Provided material below:
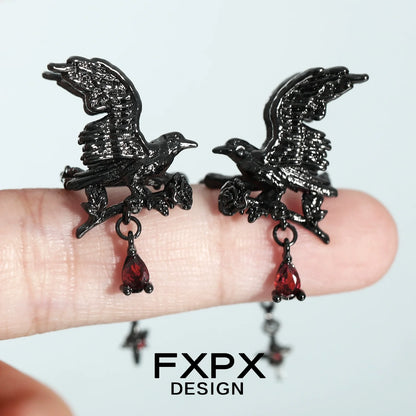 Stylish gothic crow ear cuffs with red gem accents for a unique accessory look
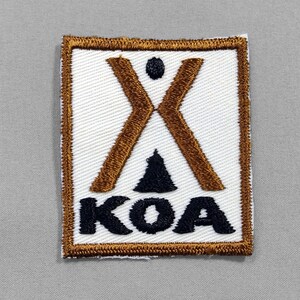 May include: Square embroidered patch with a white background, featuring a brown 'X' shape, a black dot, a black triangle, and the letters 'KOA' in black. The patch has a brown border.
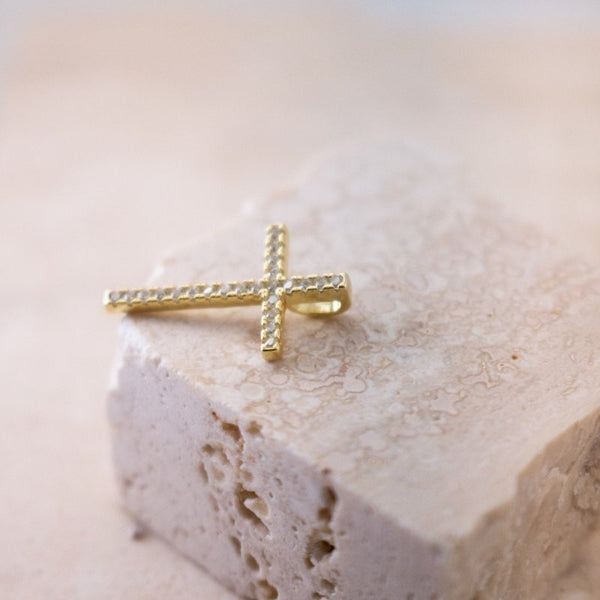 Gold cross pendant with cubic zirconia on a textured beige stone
End of Provided material.
◆ **Exercise details**: Give back the material above exactly as it appears, minus any picture.

◆ **Exercise answer**:
 Stylish gothic crow ear cuffs with red gem accents for a unique accessory look
 May include: Square embroidered patch with a white background, featuring a brown 'X' shape, a black dot, a black triangle, and the letters 'KOA' in black. The patch has a brown border.
 Gold cross pendant with cubic zirconia on a textured beige stone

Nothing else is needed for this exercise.